Now consider the loop contour shown in the figure below. The loop follows the principal-value contour along the real axis, skips over the pole at \(z = 0\) and arcs back along the upper half-plane. Since it encloses no poles, the loop integral vanishes by Cauchy’s integral theorem. However, the loop can also be decomposed into several sub-contours:

1. \(\Gamma_1\), consisting of the segments along the real axis.

2. \(\Gamma_2\), the large counter-clockwise semi-circular arc.

3. \(\Gamma_3\), the infinitesimal clockwise semi-circular arc that skips around \(z = 0\).

The integral over \(\Gamma_1\) is the principal-value integral we are interested in. The integral over \(\Gamma_2\) vanishes by Jordan’s lemma.
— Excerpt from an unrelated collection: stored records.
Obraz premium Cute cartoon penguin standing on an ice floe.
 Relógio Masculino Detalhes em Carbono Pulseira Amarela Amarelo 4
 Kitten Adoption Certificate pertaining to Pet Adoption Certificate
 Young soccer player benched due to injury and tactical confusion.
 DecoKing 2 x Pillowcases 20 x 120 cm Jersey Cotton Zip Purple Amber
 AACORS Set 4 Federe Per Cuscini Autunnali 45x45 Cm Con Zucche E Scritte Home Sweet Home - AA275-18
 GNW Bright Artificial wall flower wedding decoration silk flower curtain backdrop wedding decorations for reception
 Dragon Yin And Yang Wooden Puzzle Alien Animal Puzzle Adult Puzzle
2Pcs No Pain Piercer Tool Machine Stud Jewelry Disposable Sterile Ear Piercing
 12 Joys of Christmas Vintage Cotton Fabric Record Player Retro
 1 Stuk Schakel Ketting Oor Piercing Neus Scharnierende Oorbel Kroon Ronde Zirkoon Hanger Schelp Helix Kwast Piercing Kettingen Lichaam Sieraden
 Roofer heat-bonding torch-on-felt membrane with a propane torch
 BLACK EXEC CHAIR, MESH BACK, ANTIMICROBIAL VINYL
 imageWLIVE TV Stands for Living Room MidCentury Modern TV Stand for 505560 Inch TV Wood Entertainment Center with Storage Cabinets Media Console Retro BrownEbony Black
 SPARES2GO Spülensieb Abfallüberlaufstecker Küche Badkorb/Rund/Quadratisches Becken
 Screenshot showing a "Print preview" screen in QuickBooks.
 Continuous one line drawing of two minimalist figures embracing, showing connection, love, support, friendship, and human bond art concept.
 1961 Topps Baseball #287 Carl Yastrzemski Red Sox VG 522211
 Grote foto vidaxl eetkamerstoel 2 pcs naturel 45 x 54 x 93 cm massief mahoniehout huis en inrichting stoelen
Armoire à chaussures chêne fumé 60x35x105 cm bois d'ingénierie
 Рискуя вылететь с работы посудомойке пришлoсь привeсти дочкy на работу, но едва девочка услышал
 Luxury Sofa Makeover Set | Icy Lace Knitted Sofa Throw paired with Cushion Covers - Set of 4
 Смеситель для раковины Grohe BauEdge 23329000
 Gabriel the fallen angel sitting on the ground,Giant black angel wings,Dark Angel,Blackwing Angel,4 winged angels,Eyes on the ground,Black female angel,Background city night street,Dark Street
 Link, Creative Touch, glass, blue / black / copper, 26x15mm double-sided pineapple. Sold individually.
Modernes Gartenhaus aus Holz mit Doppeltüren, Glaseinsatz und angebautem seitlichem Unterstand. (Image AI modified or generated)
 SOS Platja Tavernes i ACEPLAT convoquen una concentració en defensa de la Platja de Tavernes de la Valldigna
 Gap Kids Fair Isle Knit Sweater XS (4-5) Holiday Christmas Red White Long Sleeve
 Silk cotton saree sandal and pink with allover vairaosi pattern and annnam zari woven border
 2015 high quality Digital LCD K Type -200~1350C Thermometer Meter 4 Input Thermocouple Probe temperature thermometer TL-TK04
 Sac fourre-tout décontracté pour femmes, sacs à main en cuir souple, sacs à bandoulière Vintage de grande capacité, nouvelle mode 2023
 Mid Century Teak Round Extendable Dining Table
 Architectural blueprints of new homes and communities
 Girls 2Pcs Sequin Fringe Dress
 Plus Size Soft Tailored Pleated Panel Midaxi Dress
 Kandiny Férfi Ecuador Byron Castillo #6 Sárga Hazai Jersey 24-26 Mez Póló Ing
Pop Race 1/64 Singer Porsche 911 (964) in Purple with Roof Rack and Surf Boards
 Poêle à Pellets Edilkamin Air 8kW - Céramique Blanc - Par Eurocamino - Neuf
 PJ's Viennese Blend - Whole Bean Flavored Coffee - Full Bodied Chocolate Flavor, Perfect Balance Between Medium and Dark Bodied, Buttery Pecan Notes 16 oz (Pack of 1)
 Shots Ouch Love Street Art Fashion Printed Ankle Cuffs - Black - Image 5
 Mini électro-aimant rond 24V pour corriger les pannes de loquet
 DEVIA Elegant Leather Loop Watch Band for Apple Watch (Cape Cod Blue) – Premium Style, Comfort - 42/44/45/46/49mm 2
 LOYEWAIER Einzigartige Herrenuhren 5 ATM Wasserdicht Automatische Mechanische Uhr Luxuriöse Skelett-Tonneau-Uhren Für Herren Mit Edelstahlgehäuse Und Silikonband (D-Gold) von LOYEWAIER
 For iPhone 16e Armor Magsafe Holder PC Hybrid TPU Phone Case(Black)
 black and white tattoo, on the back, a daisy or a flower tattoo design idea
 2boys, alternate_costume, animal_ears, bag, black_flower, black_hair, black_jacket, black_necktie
The integral over \(\Gamma_3\) can be calculated by parameterization: \[\begin{align} \int_{\Gamma_3} \frac{e^{iz}}{z} &= \lim_{\epsilon \rightarrow 0} \int_{\pi}^{0} \frac{e^{i\epsilon \exp(i\theta)}}{\epsilon e^{i\theta}} \left(i\epsilon e^{i\theta}\right) d\theta \\ &= \lim_{\epsilon \rightarrow 0} i \int_{\pi}^0 d\theta \\ &= - i\pi.\end{align}\] Intutively, since encircling a pole anticlockwise gives a factor of \(2\pi i\) times the residue (which is 1 in this case), a clockwise semi-circle is associated with a factor of \(- i \pi\). Finally, putting everything together, \[\underbrace{\int_{\Gamma_1 + \Gamma_2 + \Gamma_3} f(z) dz}_{ =~0~(\text{Cauchy's integral theorem})} = \underbrace{\int_{\Gamma_1} f(z) dz}_{=~I'} + \underbrace{\int_{\Gamma_2} f(z) dz}_{=~0~(\text{Jordan's lemma})} + \underbrace{\int_{\Gamma_3} f(z) dz.}_{=~-i \pi}\] Hence, \[I = \mathrm{Im}(I') = \mathrm{Im}(i\pi) = \pi.\] This agrees with the result obtained by the method of differentiating under the integral sign from Section 3.6.

Alternatively, we could have chosen the loop contour so that it skips below the pole at \(z = 0\). In that case, the loop integral would be non-zero, and can be evaluated using the residue theorem. The final result is the same.